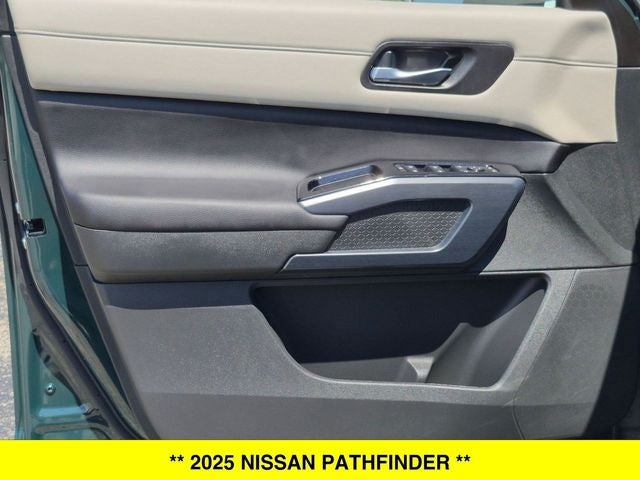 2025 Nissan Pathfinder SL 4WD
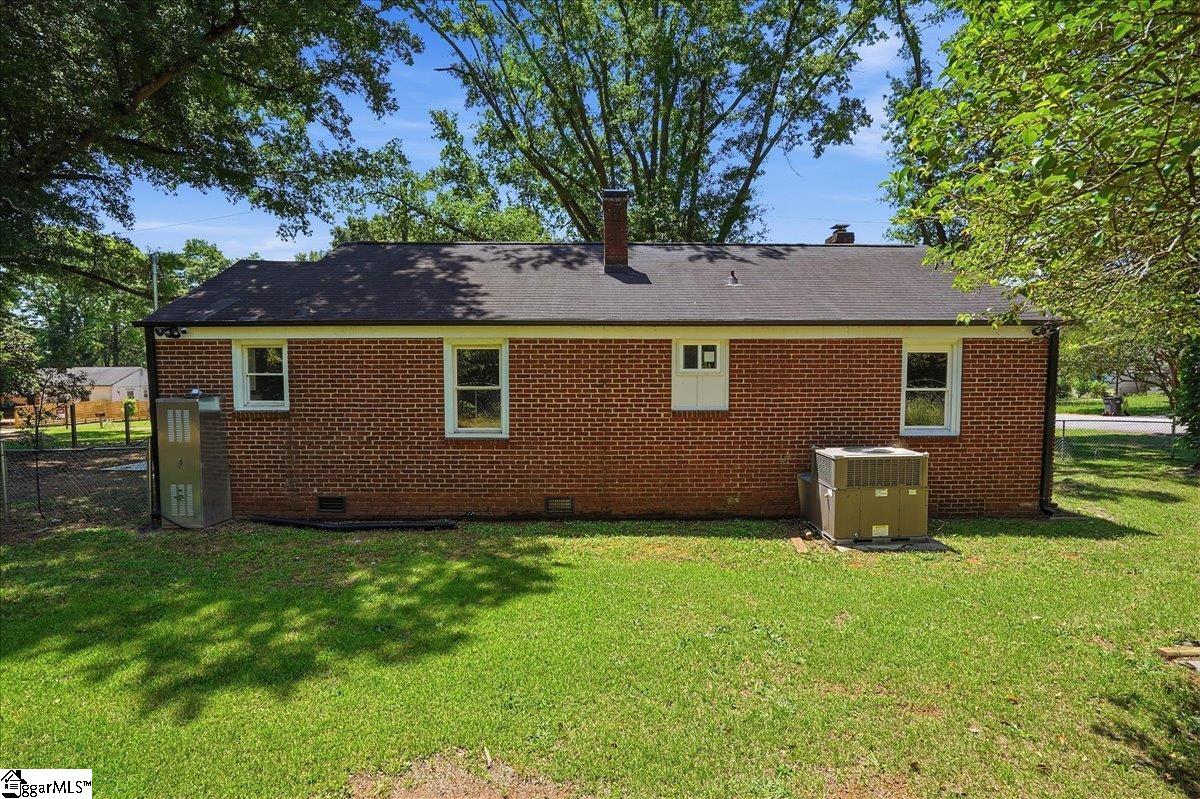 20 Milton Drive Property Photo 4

= = =

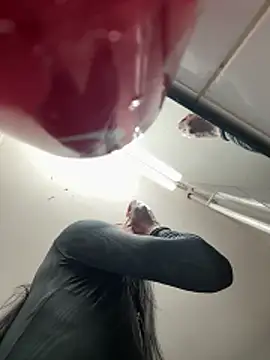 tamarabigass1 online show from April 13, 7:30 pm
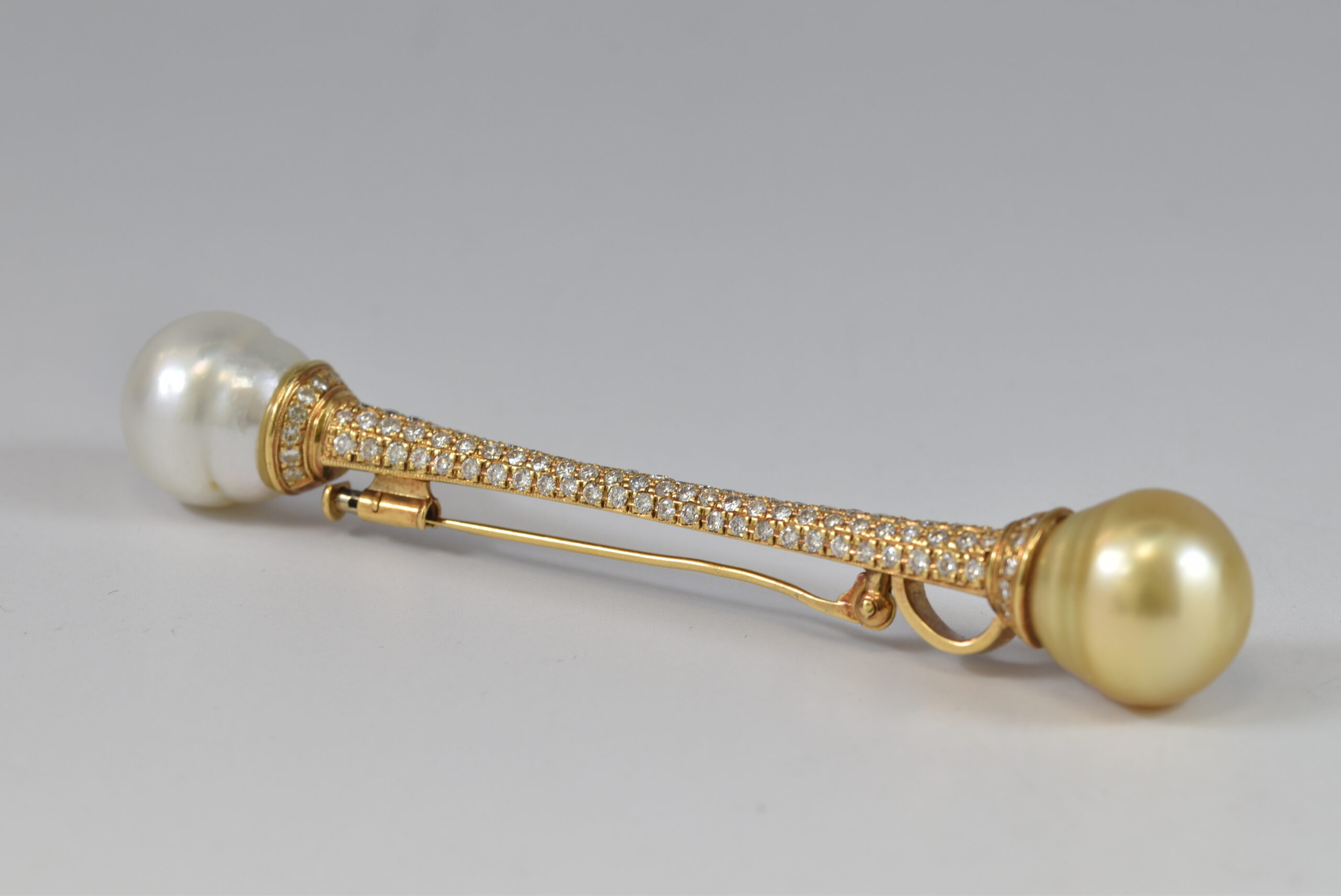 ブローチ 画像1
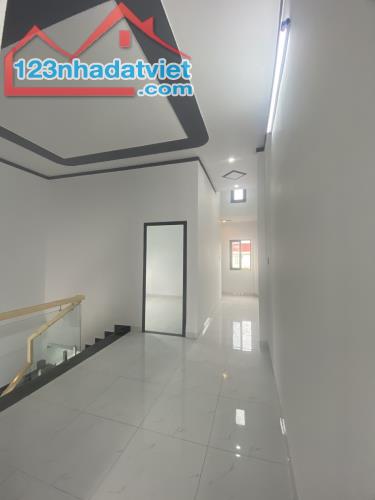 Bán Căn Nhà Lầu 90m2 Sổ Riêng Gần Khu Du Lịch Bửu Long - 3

= = =

● EXERCISE DETAILS:
When you reach the line with "2025 Nissan Pathfinder SL 4WD" in the records above, start writing out each line exactly, and stop after the line with "20 Milton Drive Property Photo 4". Pictures stay out.

● RESULT OF THE TASK:
 2025 Nissan Pathfinder SL 4WD
 20 Milton Drive Property Photo 4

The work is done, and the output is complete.